Over the last 7 weeks we have celebrated Ezra (7), Ruby (3) and Sophie's (8) birthdays. It's been a a lot of fun! Our family in the States were so generous by sending them gifts, cards and messages of encouragement.

Ezra requested chocolate cupcakes for his class party.
Ruby has asked nearly every day since her birthday if she could have her birthday again.  :)

Sophie had a friend over from school to watch the movie Frozen. 
 For Maddix's 9th birthday some dear friends in Indiana sent her birthday money.  They recently did the same for Sophie, Ezra and Ruby. The children were encouraged to use it for their ministry here so they can develop their own ministry of giving.  Our children have felt so loved and accepted by their fellow peers at church and decided to use their money to bless them.
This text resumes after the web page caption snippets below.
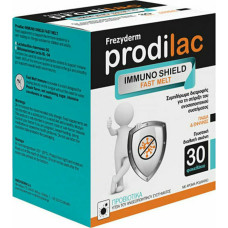 Frezyderm Prodilac Immuno Shield Fast Melt Ροδάκινο 30 φακελίσκοι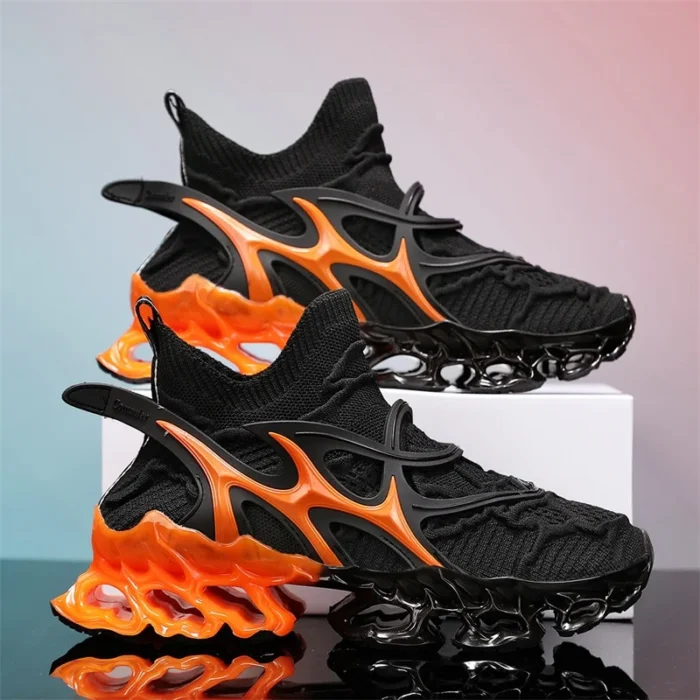 Shoes men Sneakers Male casual Mens Shoes tenis Luxury shoes Trainer Race Breathable Shoes fashion loafers running Shoes for men - Image 11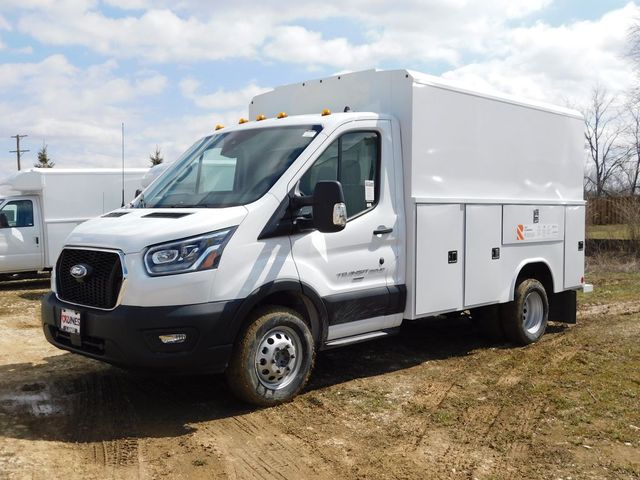 2023 Ford Transit Base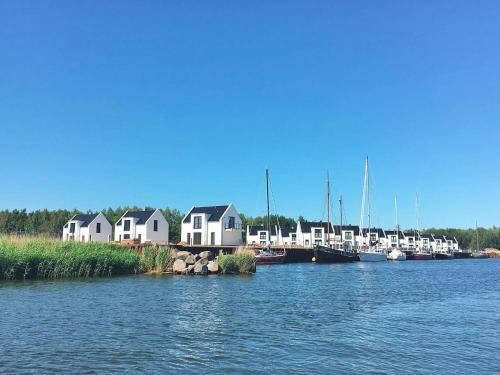 Peenemuende House | Ferienhaus am Yachthafen in Peenemünde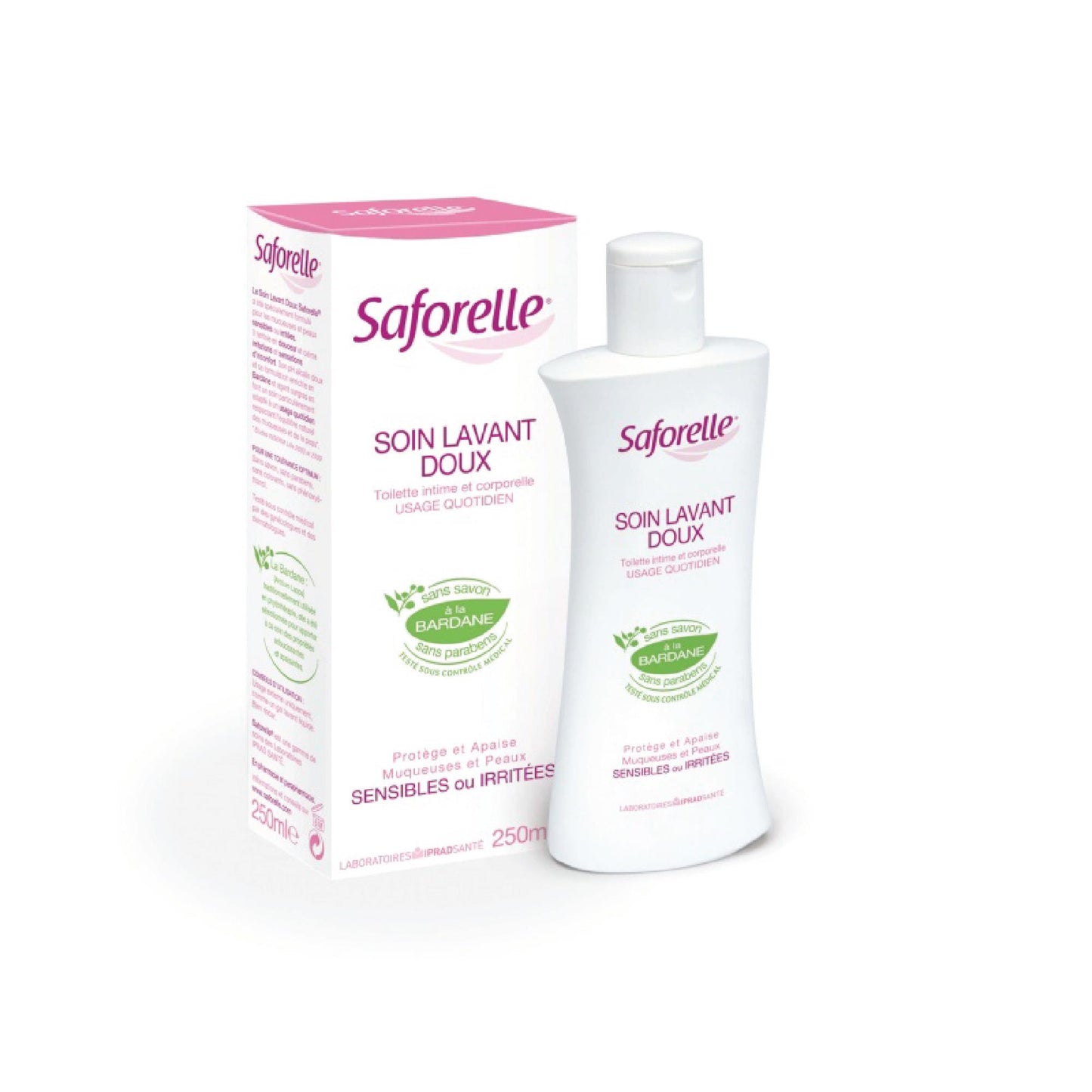 Saforelle - Gentle Cleansing Care 250 ml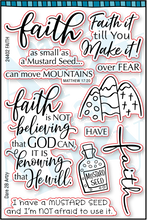 Load image into Gallery viewer, Stamps: Dare 2B Artzy-Faith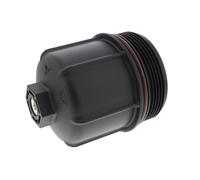 VAICO - V10-6585 - Cap, oil filter housing - fits VOLKSWAGEN 079115433C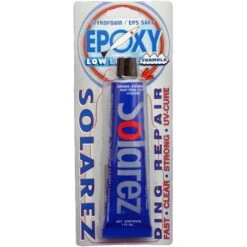 Solarez 1oz Low Light Epoxy Surfboard Ding Repair Kit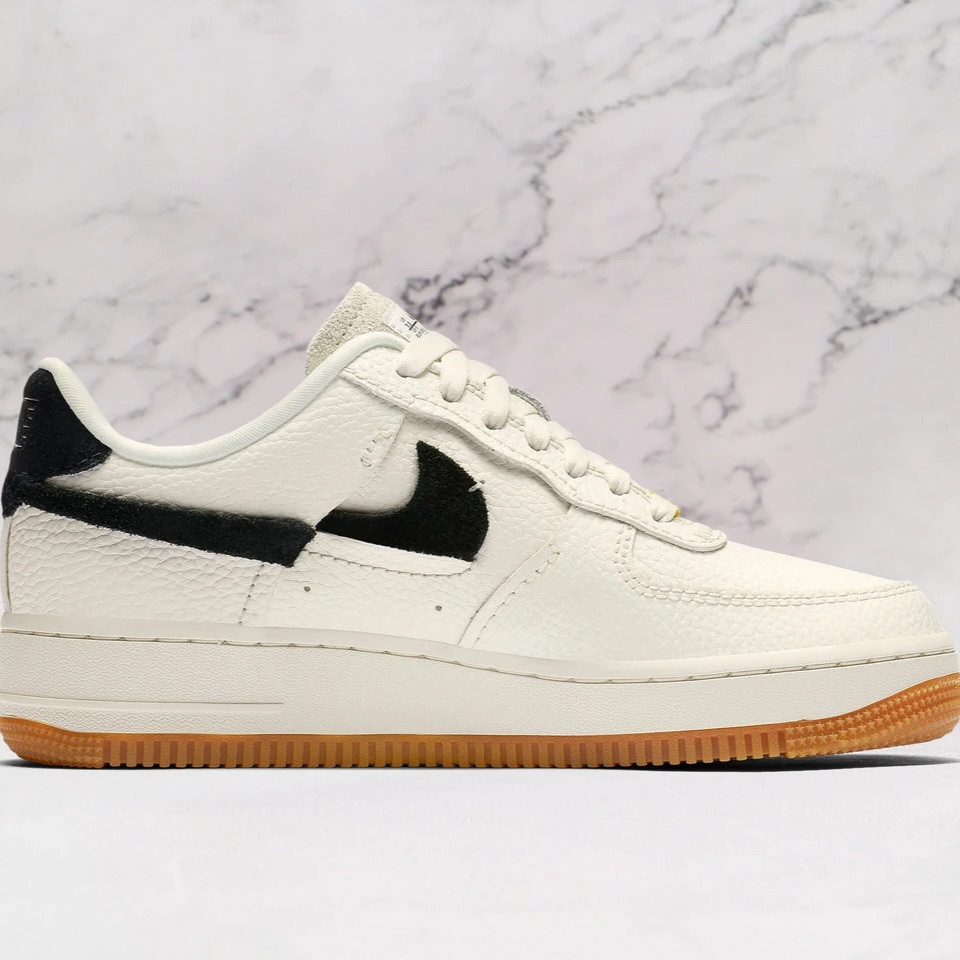 Air Force 1 Vandalized Sail Chrome Yellow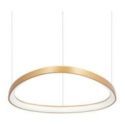 Gemini Sp de Ideal Lux pantalla Turquesa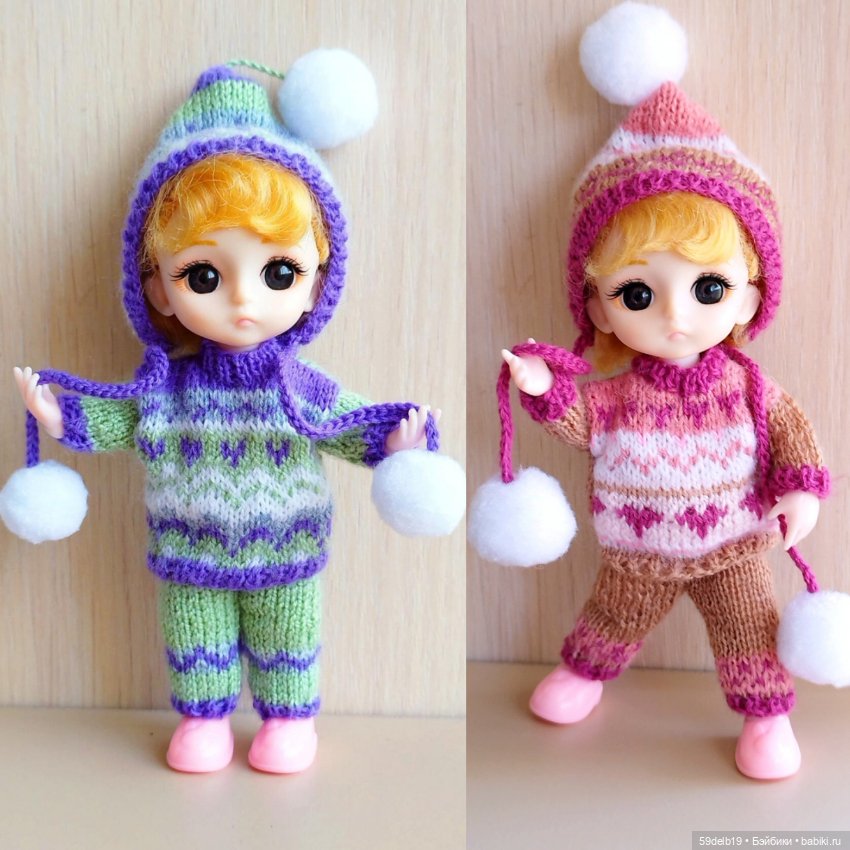 И снова Тея в очередной обновке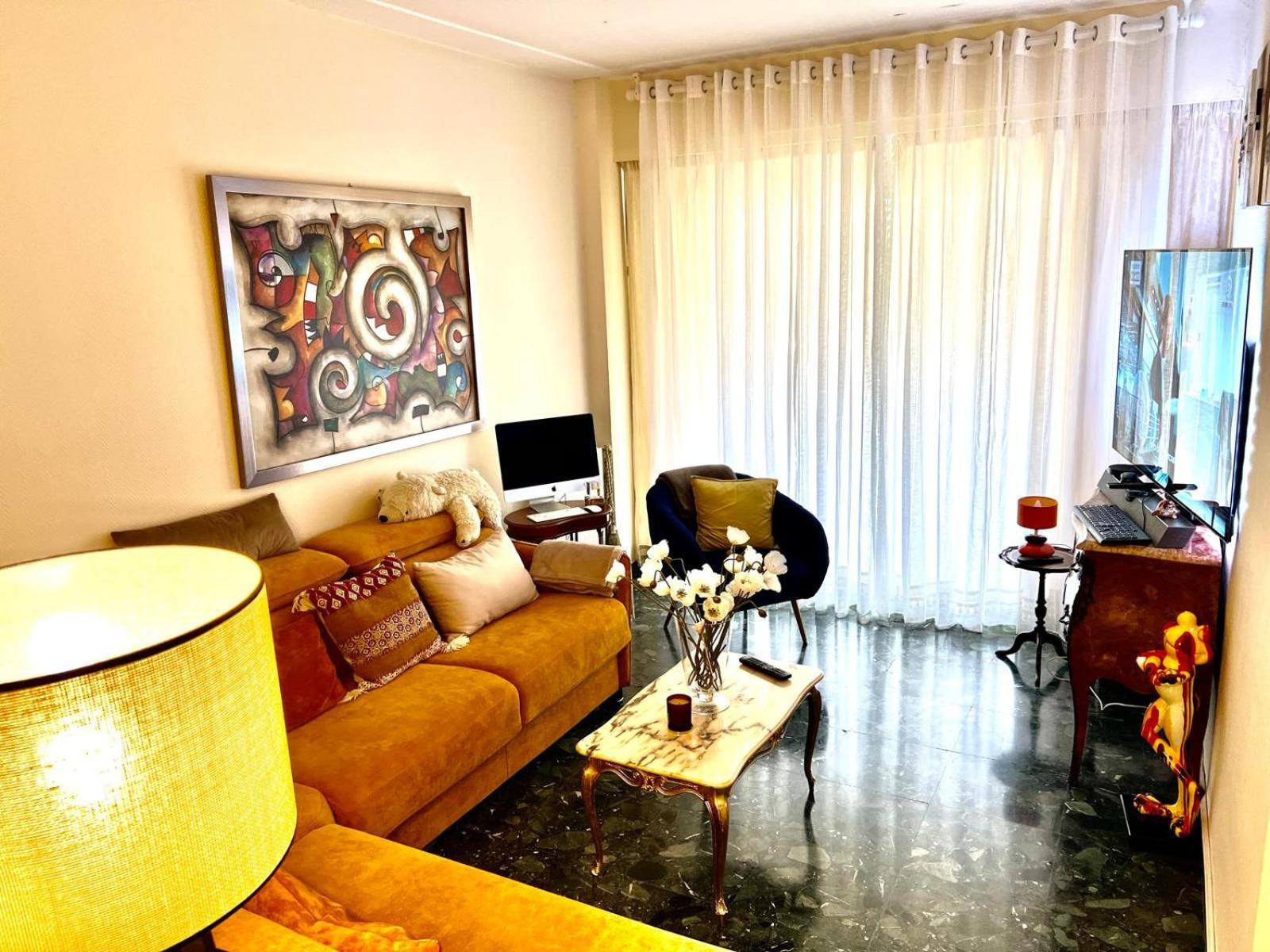 Center Aviva's-home Apartment Nizza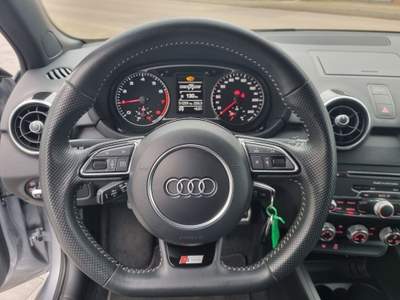 Audi A1 SPB 1.0 82CV TFSI S-LINE Grigio usata Castelnuovo Rangone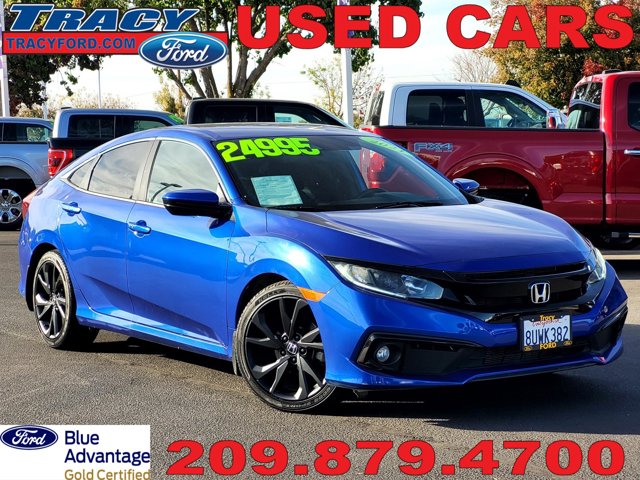 2021 Honda Civic Sedan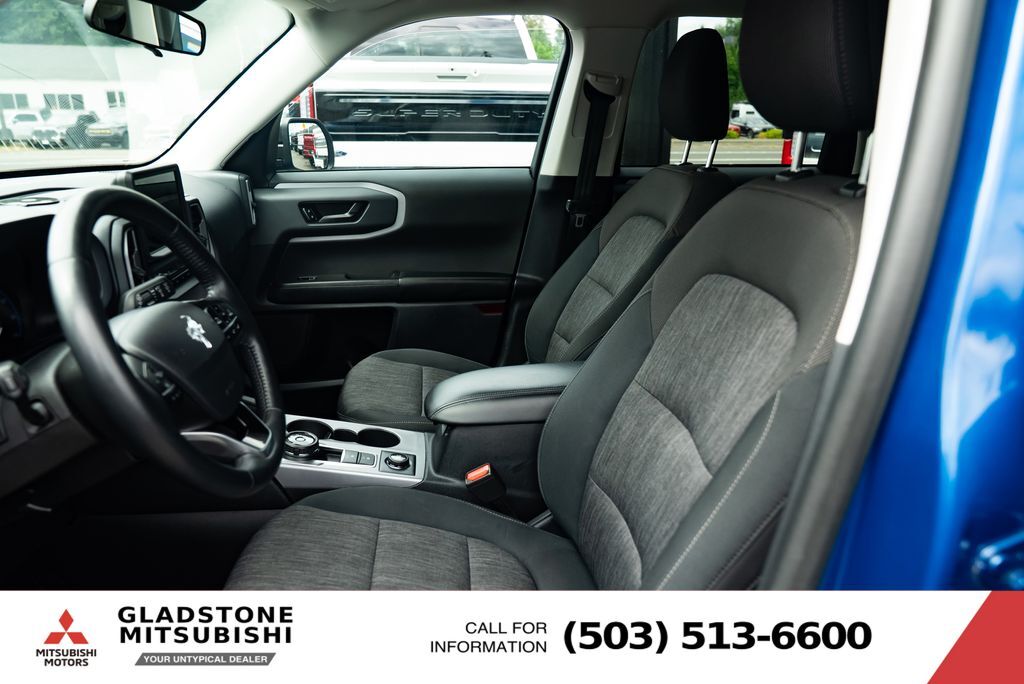 2023 Ford Bronco Sport Big Bend Milwaukie OR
The new school term just started so Sophie, Ezra and Ruby bought notebooks and pens for the children. 

Sophie writing "God loves you" on the notebook. Each child got 2 notebooks and 1 pen.
Ezra cut the string that held the 2 notebooks together.
Ruby helped put the pens on the notebooks.
Sophie, Ezra and Ruby donated the supplies to the church and one Sunday morning they were handed out by the older women or 'mothers' during the service. Sunday (pictured) asked me to take her photo with her new school supplies. So fun! :)
I (Jade) was invited to come and speak with the 'mature youth' of the church to discuss topics that that young women face. Sophie, Ezra and Ruby used their remaining birthday money to buy them personal hygiene supplies for boarding school/college. 
Here I am with the young ladies as well as our Assistant Bishop's wife Carolyn. We had a wonderful time studying the Word together for hours and discussed everything from 'how to co-exist with people who dislike you' to 'overcoming temptation' to 'how a Christian girl should dress'. These were the topics they wanted to discuss. I am so impressed by their desire to live holy lives! 

 Do you have children, grandchildren, nieces or nephews that you would like to encourage to develop their own ministry of giving? Give it a try!